■ DATASET CONTENT
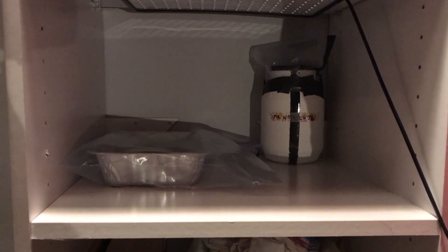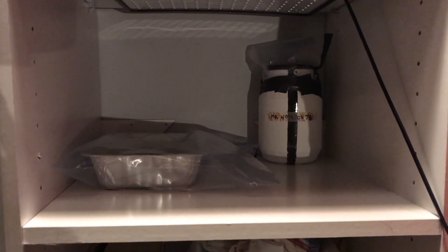Right now we really don't need any sunlight because nothing has sprouted yet. But once that happens, I'll turn these babies on.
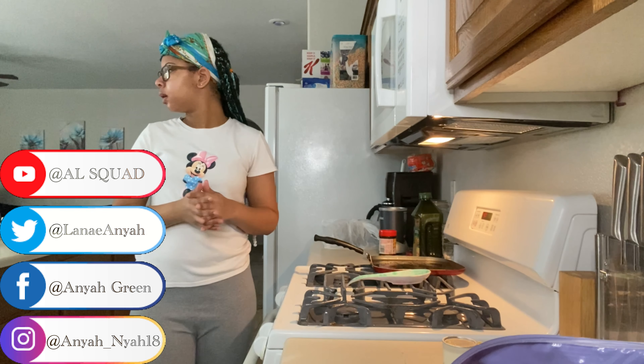I kind of like my sausage a little bit burnt — I don't know why. Here's my plate, guys! That's going to conclude today's video. Hope you guys enjoyed — please like, comment, and subscribe, and don't forget to comment down below what you want to see me cook next. I'll see you guys in my next video — bye guys!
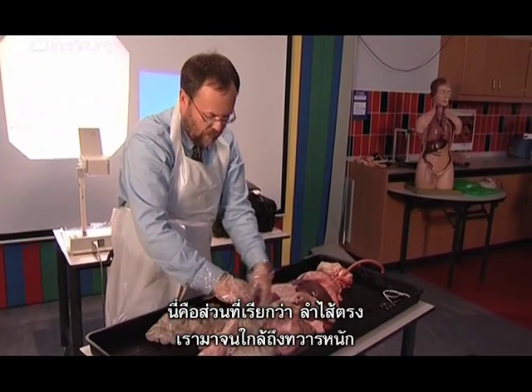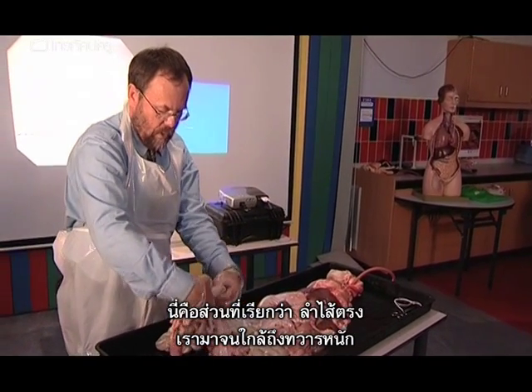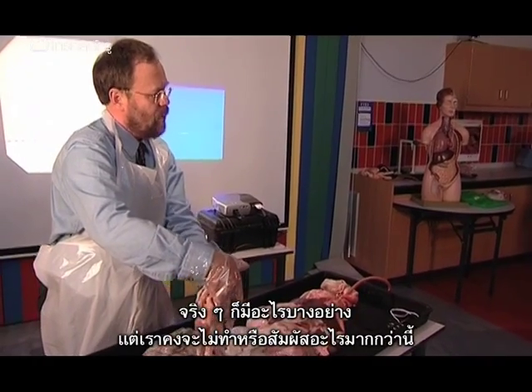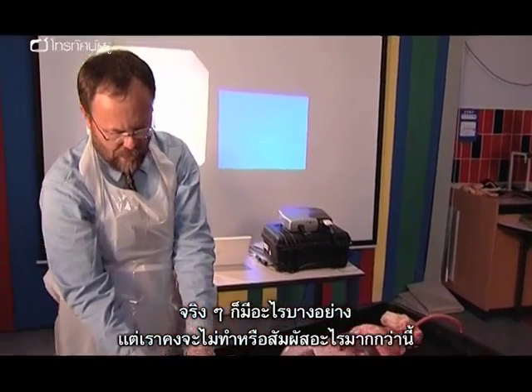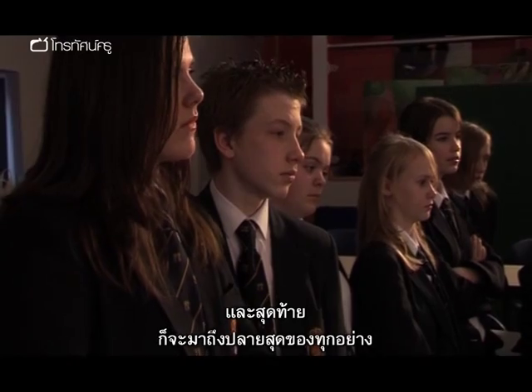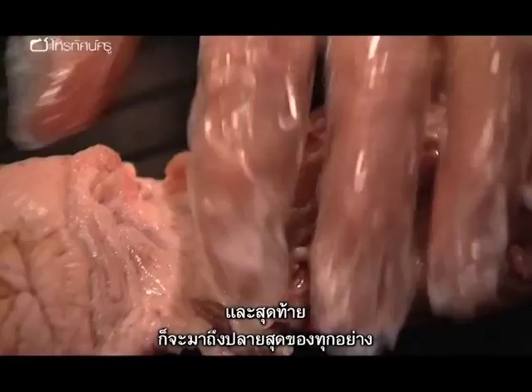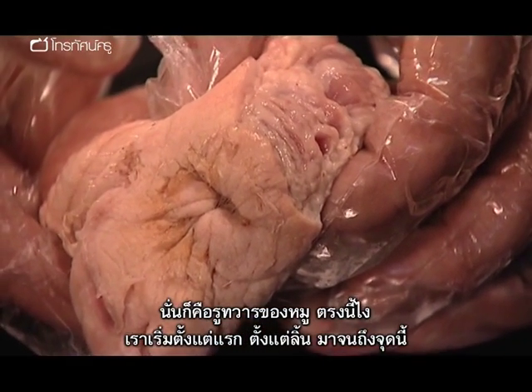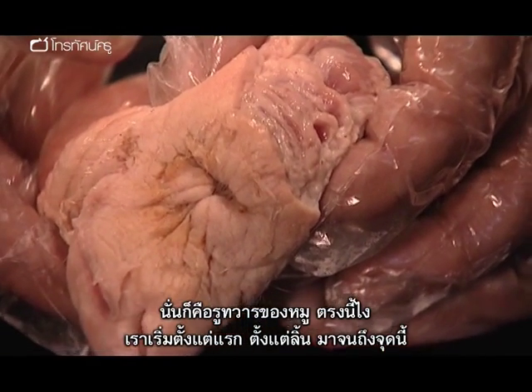"This is in fact the rectum. We come right down — the rectum's got some contents, but we won't be touching any of that. And then eventually you come right the way down to the very end of it all — that's actually the pig's anus just there. So we've gone all the way from the tongue, right the way through the system."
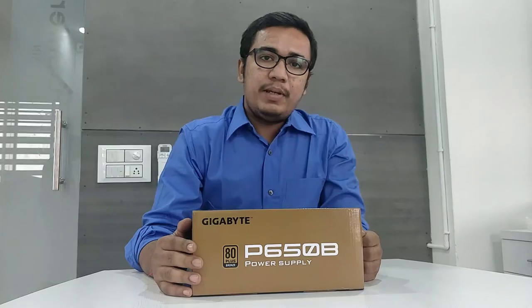Hi, this is Deep Modi from Neemai System Anand and today we will do the unboxing of Gigabyte P650B.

■ EXERCISE BRIEF
An exact, picture-free copy of the listing above is the goal; write it out now.

■ RESPONSE BELOW
Right now we really don't need any sunlight because nothing has sprouted yet. But once that happens, I'll turn these babies on.
I kind of like my sausage a little bit burnt — I don't know why. Here's my plate, guys! That's going to conclude today's video. Hope you guys enjoyed — please like, comment, and subscribe, and don't forget to comment down below what you want to see me cook next. I'll see you guys in my next video — bye guys!
"This is in fact the rectum. We come right down — the rectum's got some contents, but we won't be touching any of that. And then eventually you come right the way down to the very end of it all — that's actually the pig's anus just there. So we've gone all the way from the tongue, right the way through the system."
Hi, this is Deep Modi from Neemai System Anand and today we will do the unboxing of Gigabyte P650B.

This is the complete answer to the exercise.